Le récital est manifestement construit selon le plaisir de Ludovic Tézier et de Cassandre Berthon, alternant Mozart, Poulenc, Berlioz, Duparc et Verdi. La soprano, épouse du baryton, semble un peu nerveuse dans ses airs solistes, et en retrait dans ses duos face à la voix si puissante de son mari. La voix de la soprano a pourtant des mérites à faire valoir : un legato qui se déploie avec grâce en Suzanne, un timbre lumineux, une prononciation expressive qui permet de goûter le texte des Chemins de l’Amour de Poulenc et une véritable sûreté technique. Le grave est toutefois un peu instable et l’aigu, dans les longues phrases, a tendance à se tendre et à durcir. Sa projection pâlit néanmoins, comme dans le duo d’Hamlet d’Ambroise Thomas, surtout comparée à celle de son époux manifestement au sommet de ses moyens.
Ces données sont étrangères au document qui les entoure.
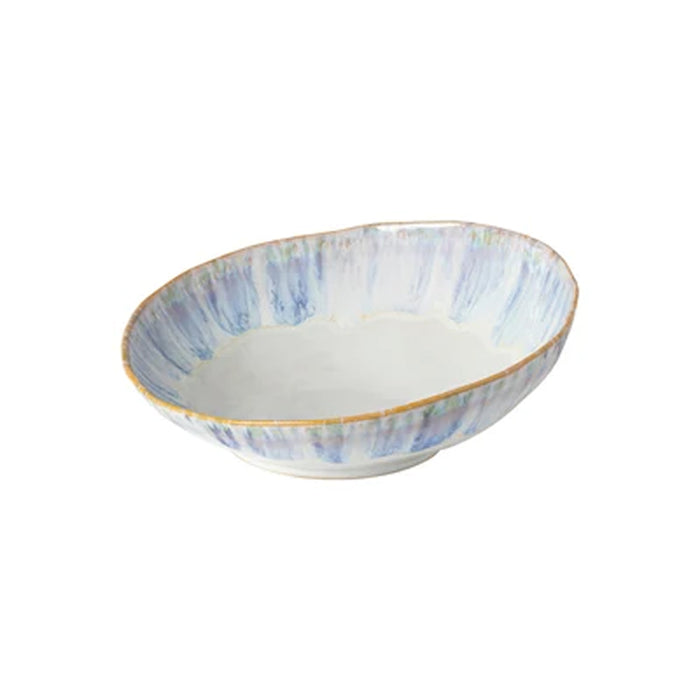 Costa Nova 24.37 Oz. Brisa Ria Blue Round Stoneware Serving Bowl - 6/Case - VAP241-RIA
Elle est rejointe par Marina Viotti pour la Barcarolle des Contes d'Hoffmann où la mezzo fait entendre un instrument souple et coloré, au timbre sombre donnant envie d’en entendre davantage. Ludovic Tézier est quant à lui rejoint par le ténor Jesse Mimeran, producteur et présentateur de la soirée, pour chanter brièvement un extrait de Don Carlos. Le timbre clair et rond du ténor n’a toutefois que peu de mordant : les consonnes ne sont pas projetées, ce qui rend le texte peu compréhensible. Mais ce sont surtout l’allure scénique pas très assurée et la projection trop mince qui le placent en retrait en comparaison de son partenaire.
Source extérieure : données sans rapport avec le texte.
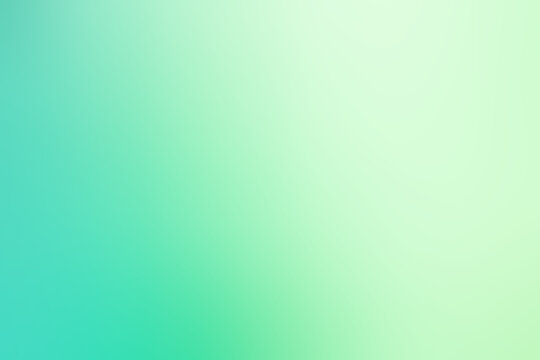 Abstract blurred soft green gradient color background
Ludovic Tézier donne un sentiment de maîtrise (sauf avec sa tablette) qui contraste avec l’atmosphère générale du concert, offrant de très beaux moments comme L’Invitation au voyage de Duparc où chaque mot évoque une image, la voix sonore se déployant avec facilité jusqu’à l’aigu. Sa couleur sombre et chaude se reconnaît tout de suite, avec l’impression que le baryton cache derrière son nez un espace immense dans lequel chaque voyelle peut résonner librement. Guillaume Tell de Rossini (tragique “Sois immobile”) et la mort de Posa poignante fascinent le public, portés par un phrasé suprêmement élégant.
Mathieu Herzog dirige l’Ensemble Appassionato (avec notamment Marc Girard Garcia, violoncelle solo inspiré au son généreux) en effectif réduit, et pour lequel il a composé des arrangements. L’ensemble surprend dans l’ouverture des Noces de Figaro où le son global manque d’unité mais le chef réussit un Intermezzo de Manon Lescaut, intense et inspiré. Les orchestrations sont parfois étonnantes comme celle de L’Invitation au voyage qui transforme la mélodie en pièce quasi-contemporaine. Attentif aux chanteurs, Mathieu Herzog ne peut cependant éviter certains décalages.
Malgré la désorganisation de ce premier Be Classical, le public applaudit chaleureusement l’affabilité de Ludovic Tézier, attentif à tous ses partenaires, et l’élégance scénique de Cassandre Berthon.